Déjà plus important sur Songs From the North, le travail sur les mélodies et les atmosphères est ici remarquable (citons, par exemple, les deux premières minutes de Stone Wings). When a Shadow is Forced Into the Light est peut-être l'album le plus accessible à l'oreille de SWALLOW THE SUN mais, bien loin d'en édulcorer la saveur, cela lui donne une universalité et une portée telle que le groupe n'en a jamais connue par le passé. Cette voix claire nous enveloppe et nous prend par la main : c'est certes plus conventionnel et pourtant, le chant est assez riche et varié pour capter l'attention du début à la fin de l'album. La musique nous prend à la gorge et aux tripes et nous plonge dans un spleen à la fois sublime et bouleversant. Quand les tendances extrêmes reviennent, que le groupe se souvient de ses origines doom / death, c'est avec parcimonie : ces éclats n'en sont que plus puissants, pics émotionnels mis en valeur apportant au morceau un supplément de rage, de désespoir (Firelights, Upon the Water). Dans un album qui fait la part belle aux sonorités acoustiques, aux claviers et même à quelques cordes, SWALLOW THE SUN n'a pas besoin de hausser le ton pour être intense, mais quand ils le font c'est d'autant plus saisissant.
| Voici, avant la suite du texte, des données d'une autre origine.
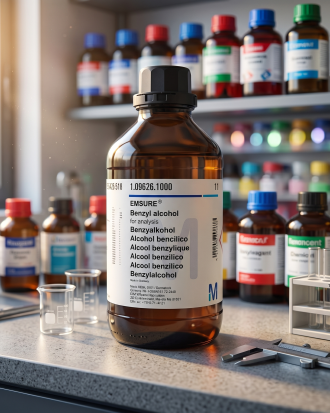 EMSURE Benzyl Alcohol 1096261000 for Analysis Merck – Benzyl Alcohol PA Reagent Grade 1L untuk Laboratorium & Industri 50ML (REPACK)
Avec sa théâtralité et sa mélancolie gothique à la ANATHEMA, When a Shadow is Forced Into the Light est un album élégant et touchant. Ce disque, qui aurait pu ne jamais voir le jour est, au final, avec sa sincérité indiscutable et l'âme tourmentée de son auteur qui s'y exprime comme jamais, peut-être l'album le plus puissant de SWALLOW THE SUN. D'ailleurs, jamais le nom du groupe n'a été autant à propos : dans la mythologie nordique, le moment où le loup Hati avale le soleil est annonciateur du Ragnarök, la fin du monde mais aussi sa renaissance. Il y a de ça dans When a Shadow is Forced Into the Light : sa douceur laisse deviner des bribes d'espoir, comme si, bien qu'avalé et oublié, le soleil continuait de nous envoyer sa lumière, signes de futurs moins sombres et, peut-être, d'un renouveau pour SWALLOW THE SUN dont on va guetter avec attention les futurs travaux.